NEW MEDIA AND PARENTAL MEDIATION: ASSESSING AWKA URBAN PARENTS’ AWARENESS AND ATTITUDE TO ADOLESCENTS USE OF FACEBOOK
Abstract
Research has shown that Facebook with its distinct qualities has got the potential to attract young people, especially, adolescents. The rate at which these young people surf, navigate and/or explore social media platforms is so alarming and therefore increasingly bothersome. However, more worrisome is the fact that these young children take advantage of the gateless nature of the social media to go through different unholy sites, consequently exposing themselves to grossly harmful explicit sexual contents. However, in the face of these challenges, it becomes even a greater source of worry that parents of these children, who supposedly should constitute a sort of gate keeping process in other to control how and what their adolescent children do with the social media appear to lack the parental mediating skills to do this. This research work therefore investigated the level of parental mediation towards their children’s use of Facebook.

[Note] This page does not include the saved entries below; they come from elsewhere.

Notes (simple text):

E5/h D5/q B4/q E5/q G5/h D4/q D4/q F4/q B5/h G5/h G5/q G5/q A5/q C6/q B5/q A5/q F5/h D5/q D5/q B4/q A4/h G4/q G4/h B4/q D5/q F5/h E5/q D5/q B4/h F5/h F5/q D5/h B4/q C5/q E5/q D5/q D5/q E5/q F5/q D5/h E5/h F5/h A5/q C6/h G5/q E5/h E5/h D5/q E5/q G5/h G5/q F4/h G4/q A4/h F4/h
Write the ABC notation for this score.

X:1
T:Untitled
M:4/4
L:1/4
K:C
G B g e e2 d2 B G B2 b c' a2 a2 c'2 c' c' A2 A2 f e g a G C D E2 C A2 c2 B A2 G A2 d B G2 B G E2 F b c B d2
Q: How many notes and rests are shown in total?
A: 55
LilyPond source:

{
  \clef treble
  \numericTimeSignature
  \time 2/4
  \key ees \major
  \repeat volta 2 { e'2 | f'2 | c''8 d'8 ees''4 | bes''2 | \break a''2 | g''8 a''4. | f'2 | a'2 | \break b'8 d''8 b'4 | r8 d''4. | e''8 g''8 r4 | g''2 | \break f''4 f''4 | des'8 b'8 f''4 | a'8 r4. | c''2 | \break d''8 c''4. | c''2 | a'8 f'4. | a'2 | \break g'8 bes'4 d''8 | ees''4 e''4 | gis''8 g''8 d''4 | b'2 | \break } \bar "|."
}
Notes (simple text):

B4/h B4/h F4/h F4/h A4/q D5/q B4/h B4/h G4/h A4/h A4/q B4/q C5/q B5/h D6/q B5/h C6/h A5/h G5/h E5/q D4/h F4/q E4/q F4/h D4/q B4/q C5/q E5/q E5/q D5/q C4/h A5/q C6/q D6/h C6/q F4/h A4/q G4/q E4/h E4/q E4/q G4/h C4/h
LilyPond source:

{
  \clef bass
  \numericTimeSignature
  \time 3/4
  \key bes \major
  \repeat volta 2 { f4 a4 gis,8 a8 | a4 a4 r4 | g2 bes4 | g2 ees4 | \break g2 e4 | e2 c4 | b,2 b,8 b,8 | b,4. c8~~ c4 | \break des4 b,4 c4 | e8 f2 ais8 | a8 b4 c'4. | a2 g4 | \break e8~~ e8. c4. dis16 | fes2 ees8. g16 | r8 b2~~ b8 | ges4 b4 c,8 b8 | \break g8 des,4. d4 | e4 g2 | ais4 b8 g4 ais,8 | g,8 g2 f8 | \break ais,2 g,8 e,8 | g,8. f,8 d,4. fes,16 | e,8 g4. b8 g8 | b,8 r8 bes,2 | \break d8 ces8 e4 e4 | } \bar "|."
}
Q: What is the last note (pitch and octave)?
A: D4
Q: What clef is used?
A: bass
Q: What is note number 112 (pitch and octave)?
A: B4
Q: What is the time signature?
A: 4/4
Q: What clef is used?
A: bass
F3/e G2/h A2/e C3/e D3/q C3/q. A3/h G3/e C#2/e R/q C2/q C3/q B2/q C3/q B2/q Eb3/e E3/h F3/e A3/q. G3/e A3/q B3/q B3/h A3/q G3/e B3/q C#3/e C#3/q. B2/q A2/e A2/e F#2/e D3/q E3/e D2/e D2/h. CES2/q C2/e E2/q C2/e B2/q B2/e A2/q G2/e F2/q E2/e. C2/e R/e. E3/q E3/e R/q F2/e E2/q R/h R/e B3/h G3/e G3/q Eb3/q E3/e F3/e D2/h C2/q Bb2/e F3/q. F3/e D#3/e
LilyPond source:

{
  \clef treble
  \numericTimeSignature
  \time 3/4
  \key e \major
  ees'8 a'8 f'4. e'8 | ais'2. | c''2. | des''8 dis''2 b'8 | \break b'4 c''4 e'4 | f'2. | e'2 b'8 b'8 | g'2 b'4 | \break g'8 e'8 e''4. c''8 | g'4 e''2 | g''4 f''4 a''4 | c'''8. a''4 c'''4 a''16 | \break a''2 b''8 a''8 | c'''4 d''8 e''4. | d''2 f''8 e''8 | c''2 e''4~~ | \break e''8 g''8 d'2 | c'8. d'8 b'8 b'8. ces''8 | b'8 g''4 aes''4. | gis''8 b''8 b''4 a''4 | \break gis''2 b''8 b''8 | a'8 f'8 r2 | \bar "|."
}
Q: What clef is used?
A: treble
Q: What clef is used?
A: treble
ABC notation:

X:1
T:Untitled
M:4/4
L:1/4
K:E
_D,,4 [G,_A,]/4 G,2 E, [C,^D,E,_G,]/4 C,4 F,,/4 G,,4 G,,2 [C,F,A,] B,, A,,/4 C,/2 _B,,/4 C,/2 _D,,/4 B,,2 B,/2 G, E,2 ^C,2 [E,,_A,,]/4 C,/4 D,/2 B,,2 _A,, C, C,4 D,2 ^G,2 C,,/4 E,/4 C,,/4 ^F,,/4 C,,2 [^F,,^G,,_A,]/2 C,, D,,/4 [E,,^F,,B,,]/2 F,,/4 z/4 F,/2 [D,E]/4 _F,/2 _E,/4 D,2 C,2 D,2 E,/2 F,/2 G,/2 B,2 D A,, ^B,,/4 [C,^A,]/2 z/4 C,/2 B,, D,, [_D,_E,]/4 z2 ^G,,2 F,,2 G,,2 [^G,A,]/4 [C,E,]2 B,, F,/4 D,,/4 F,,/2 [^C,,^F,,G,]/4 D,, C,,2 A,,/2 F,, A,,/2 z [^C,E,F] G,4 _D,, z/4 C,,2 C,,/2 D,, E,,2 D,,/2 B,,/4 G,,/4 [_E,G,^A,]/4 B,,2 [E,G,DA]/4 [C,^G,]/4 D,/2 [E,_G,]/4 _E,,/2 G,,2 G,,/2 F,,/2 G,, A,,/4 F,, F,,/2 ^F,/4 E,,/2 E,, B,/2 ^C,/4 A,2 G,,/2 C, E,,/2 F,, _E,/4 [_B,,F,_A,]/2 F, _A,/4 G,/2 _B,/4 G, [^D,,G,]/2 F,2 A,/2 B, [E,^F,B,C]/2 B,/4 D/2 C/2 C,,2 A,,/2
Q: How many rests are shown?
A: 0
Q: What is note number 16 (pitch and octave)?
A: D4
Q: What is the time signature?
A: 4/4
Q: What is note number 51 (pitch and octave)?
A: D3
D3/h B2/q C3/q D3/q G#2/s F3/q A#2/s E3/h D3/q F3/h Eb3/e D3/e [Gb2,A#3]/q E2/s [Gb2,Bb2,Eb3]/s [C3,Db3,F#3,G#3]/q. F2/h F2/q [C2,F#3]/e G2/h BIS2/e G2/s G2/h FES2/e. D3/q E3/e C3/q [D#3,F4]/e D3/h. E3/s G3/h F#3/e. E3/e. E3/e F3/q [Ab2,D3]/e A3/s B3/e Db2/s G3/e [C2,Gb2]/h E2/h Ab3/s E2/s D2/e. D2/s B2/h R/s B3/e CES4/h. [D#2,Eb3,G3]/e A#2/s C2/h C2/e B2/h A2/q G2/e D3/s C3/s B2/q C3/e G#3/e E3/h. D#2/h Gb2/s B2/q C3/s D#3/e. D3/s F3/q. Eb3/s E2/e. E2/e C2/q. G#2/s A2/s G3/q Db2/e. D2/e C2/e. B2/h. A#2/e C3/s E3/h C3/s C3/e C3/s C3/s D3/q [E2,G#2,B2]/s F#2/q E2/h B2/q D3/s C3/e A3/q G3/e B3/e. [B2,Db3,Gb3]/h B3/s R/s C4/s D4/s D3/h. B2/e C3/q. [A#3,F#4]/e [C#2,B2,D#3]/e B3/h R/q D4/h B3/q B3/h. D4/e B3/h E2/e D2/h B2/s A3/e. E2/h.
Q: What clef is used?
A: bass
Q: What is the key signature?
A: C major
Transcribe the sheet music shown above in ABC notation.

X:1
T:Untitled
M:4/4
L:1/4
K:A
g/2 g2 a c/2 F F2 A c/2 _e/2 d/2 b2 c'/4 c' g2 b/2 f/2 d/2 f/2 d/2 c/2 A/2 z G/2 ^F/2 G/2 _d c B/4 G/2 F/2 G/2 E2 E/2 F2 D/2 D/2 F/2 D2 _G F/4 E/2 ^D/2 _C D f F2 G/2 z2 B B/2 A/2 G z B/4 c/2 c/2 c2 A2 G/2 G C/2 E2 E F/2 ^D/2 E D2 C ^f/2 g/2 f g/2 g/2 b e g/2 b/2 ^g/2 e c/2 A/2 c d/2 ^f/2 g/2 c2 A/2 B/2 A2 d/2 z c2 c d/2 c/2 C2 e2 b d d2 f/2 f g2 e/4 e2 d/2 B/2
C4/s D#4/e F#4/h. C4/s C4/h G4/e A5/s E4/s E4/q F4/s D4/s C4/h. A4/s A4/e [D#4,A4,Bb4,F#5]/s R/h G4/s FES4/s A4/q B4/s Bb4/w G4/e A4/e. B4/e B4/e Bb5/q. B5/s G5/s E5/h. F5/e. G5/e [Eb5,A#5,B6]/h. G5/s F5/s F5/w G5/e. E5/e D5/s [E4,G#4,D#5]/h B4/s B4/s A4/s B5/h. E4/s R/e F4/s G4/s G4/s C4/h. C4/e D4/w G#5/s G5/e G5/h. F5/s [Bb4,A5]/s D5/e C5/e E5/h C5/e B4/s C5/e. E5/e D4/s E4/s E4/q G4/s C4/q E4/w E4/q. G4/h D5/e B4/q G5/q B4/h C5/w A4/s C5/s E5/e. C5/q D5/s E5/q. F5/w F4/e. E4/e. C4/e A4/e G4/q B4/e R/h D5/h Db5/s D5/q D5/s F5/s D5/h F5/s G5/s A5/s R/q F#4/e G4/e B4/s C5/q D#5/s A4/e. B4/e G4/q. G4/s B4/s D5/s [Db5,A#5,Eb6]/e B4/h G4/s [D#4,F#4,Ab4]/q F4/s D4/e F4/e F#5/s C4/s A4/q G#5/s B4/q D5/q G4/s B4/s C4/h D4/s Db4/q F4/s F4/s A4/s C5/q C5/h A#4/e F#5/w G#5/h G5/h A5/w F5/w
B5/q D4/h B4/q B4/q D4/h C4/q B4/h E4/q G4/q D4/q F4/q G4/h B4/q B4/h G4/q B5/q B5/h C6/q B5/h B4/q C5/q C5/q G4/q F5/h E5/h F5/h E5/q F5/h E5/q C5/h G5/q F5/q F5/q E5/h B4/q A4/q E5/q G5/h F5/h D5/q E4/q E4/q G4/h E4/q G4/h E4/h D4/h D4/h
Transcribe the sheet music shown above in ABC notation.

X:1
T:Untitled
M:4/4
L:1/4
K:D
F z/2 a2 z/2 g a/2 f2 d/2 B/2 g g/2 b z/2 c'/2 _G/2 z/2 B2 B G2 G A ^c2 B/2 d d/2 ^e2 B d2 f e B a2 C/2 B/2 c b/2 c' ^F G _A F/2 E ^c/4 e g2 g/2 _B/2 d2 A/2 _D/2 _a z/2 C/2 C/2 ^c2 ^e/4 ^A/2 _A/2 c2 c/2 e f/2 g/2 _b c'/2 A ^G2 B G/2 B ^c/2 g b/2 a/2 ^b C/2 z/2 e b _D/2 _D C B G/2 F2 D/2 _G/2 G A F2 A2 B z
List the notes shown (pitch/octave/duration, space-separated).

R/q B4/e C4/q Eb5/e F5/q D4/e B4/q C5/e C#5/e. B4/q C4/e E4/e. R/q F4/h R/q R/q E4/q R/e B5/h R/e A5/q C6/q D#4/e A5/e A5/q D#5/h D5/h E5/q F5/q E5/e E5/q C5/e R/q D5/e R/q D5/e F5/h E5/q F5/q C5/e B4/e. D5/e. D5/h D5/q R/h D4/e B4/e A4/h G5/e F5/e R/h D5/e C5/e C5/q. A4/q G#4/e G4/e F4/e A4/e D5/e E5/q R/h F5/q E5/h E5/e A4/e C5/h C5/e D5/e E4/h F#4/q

The study made use of the survey research design. Using Taro Yamane sample determining approach, the study arrived at a sample size of 400. The study was anchored on Knowledge Attitude and Practice and Parental Mediation Theories. Findings demonstrate that Parents in Awka Urban have enough knowledge of the different strategies that are used to control or interpret media contents. Although they are aware of parental mediation strategies in controlling their children’s Facebook usage, their awareness did not translate to considerable practice of such strategies. Parents were also found to be aware of their children’s ownership and use of Facebook, but do not really know what they consume online. Against the foregoing therefore, the study concludes that the use of social media among adolescents has remained unprecedented and that this development to some extent seems to leave these children vulnerable to dangers that are associated with unrestrained social media use. The researchers consequently recommend that in line with the standard of mediating the usage of technology among children around the globe, parents, especially in the developing countries; Nigeria in particular should not only learn but apply the use of monitoring apps as an aid in checking their children’s social media use. This is because these apps will help them check and closely scrutinize the media contents that their children consume online and find a way to control it.